As for story, there's a pretty interesting plot that kept me interested. The Ragtag Group of Rebels is trying to let the New Republic know that the Empire is on Akiva, and trying to either kill or capture the Imperials in the process, while the Imperials are trying to figure out what to do with the Empire. But the execution is at points excruciatingly convoluted and unnecessary. here's a little bit of a spoiler-y list.

-Wedge is sneaking around the Imperial stronghold after escaping, and nudges a vase and almost gets caught. But wait!!!! The vase opens a secret tunnel!!! Like, why not just have him successfully hide? He could have completed the same very specific plot action that way.

-We also get so many scenes of Jom trying and failing to shoot a ship before he successfully shoots a ship - and those are basically the only scenes he has in the entire book. Just have that go on in the background and attribute it to the general uprising going on, there's no need to add in a character and 6 extra scenes to explain a single shot.

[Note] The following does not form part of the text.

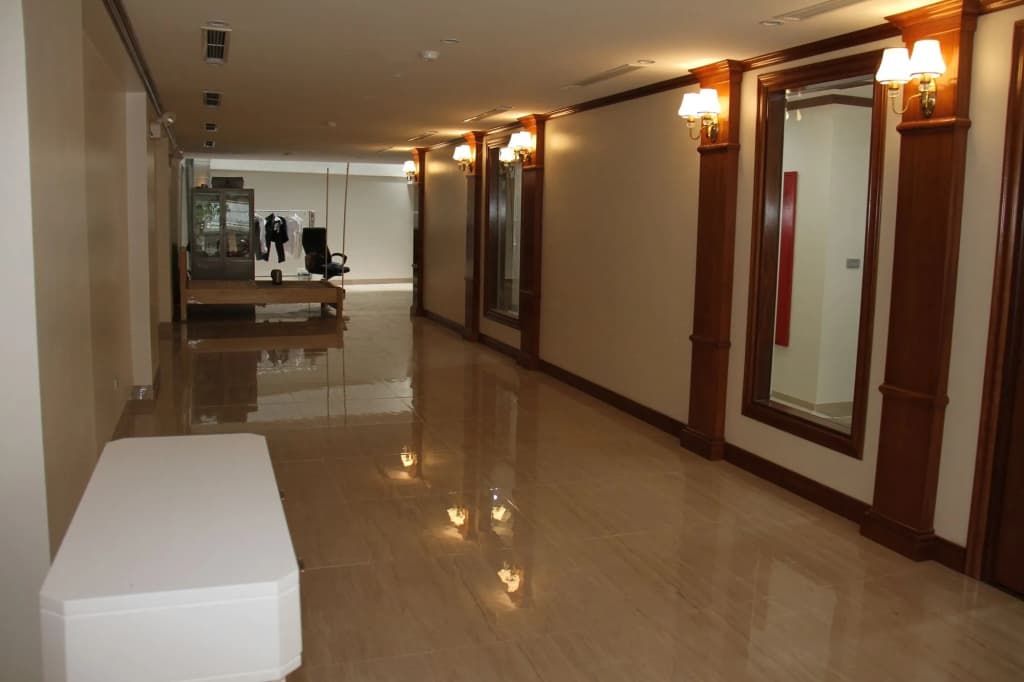 H&H Building - photo 11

-And speaking of Jom - both Jom and Jas get RIDICULOUS scenes where they kick a blaster out of someone's hand/holster with "the tip of [their] boot", catch it, and shoot someone dead in one motion. As a bonus, Jom, whose arm is broken, soon after picks up a blaster AND a person's body and shoves them into a locker. With one arm. This kind of absurdly lucky/unrealistic action is pervasive throughout the novel - see my next example.

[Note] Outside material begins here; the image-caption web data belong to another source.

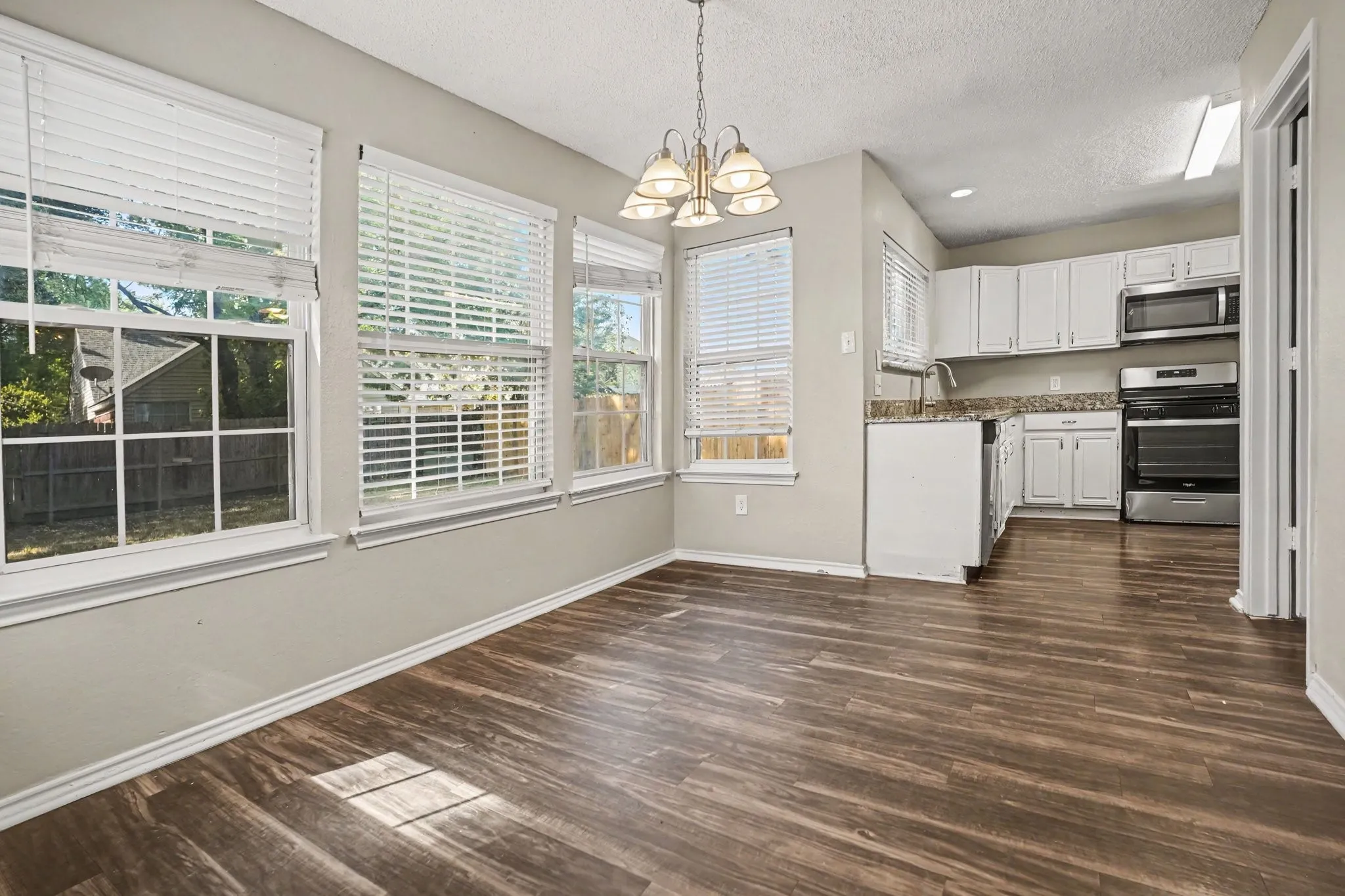 Single Family Residence For Sale in Dallas County , 307 Hopewell Street, Grand Prairie, Texas 75052, 3 Bedroom, 3 Bathroom, 2 Garage spaces, 1,630 Sqft, built in 1985, mls#21371772, Real Estate Agent in Grand Prairie, Homes For Sale in Dallas county, Homes For Sale in Grand Prairie, Realtor in Grand Prairie Texas, Real Estate Brokerage Independent Realty Texas, Luminita Cordes Realtor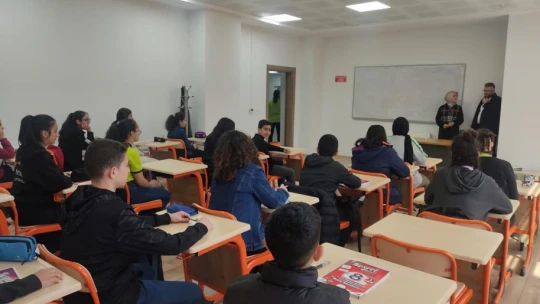 Depremzede öğrencilere yönelik LGS'ye hazırlık kursu başladı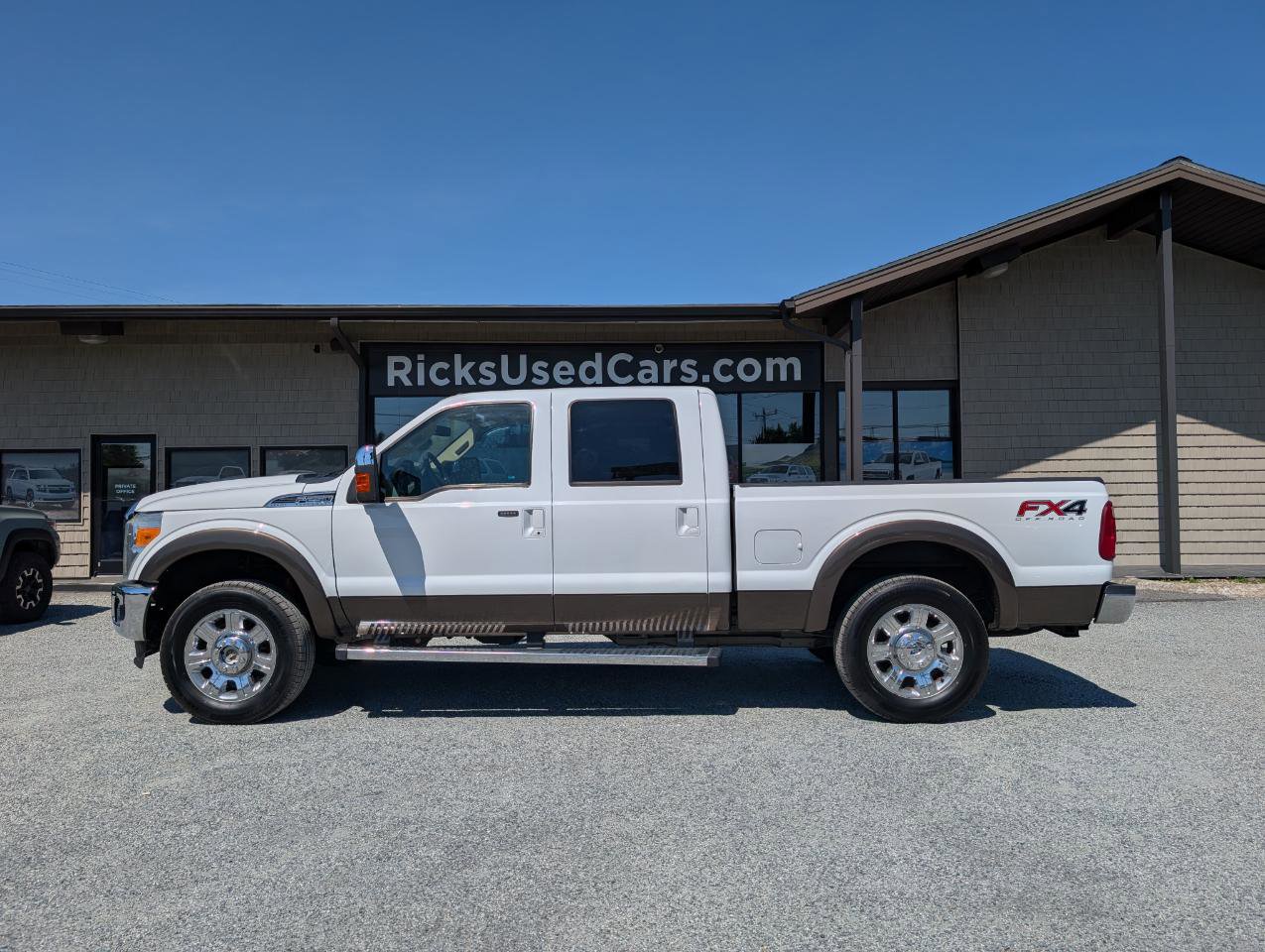 Used 2016 Ford F250 Lariat w/ Lariat Ultimate Package AWD/4WD image 8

-Temmin pole-vaults from a wall onto a flying shuttle - why is the shuttle flying so close to the wall, which is being swarmed by dissident locals? It must be within, say, 10 feet of the wall, which seems a bizarrely low flight path even on a normal day.

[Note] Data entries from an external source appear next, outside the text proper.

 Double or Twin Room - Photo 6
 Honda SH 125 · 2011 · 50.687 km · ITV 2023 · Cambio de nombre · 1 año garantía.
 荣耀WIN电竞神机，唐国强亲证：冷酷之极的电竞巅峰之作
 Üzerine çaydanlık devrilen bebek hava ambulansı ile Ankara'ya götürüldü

-Similar to Wedge's miracle tunnel, there happens to be HUGE air ducts on the shuttle, large enough for Temmin to crawl around in, which again, is strange, because you'd think ships would use their space more efficiently than that.

A lot of other people have complained about the insertion of real-world terms into the Star Wars universe - specifically pointing out that satraps are real things and wouldn't be in the Star Wars world. But we have an Empire and and Emperor, so like, yeah? Sometimes real words are used in Star Wars, and that's okay. I'll agree that Wendig doesn't have a grip on how to translate things into Star Wars-ese - why the hell would any character use the term "space diapers" and not just diapers? And the blatant insertion of Settlers of Catan (only using "space highways" instead of roads) was cringeworthy.

Another complaint a lot of people have is that this wasn't what was marketed, since it barely has any traditional Star Wars characters in it. I disagree. I thought it was a pretty smartly situated story and the interludes, at least, gave us a fuller view of the world post-ROTJ. And the best part...

MAJOR POTENTIAL SPOILER FOLLOWS HERE:
I'm very very excited about the epilogue, which features Rae Sloane talking to a mysterious, eccentric Imperial Admiral. Please dear god let it be Thrawn, but also please dear god let it not be Thrawn-written-by-Wendig.

To the Star Wars story group: please, please put anyone but Chuck Wendig on the next novel. I know he's supposed to write all three, but I am not going to spend money on anything else he writes. If you have to, get a ghost-writer or at least edit the book before you put it out.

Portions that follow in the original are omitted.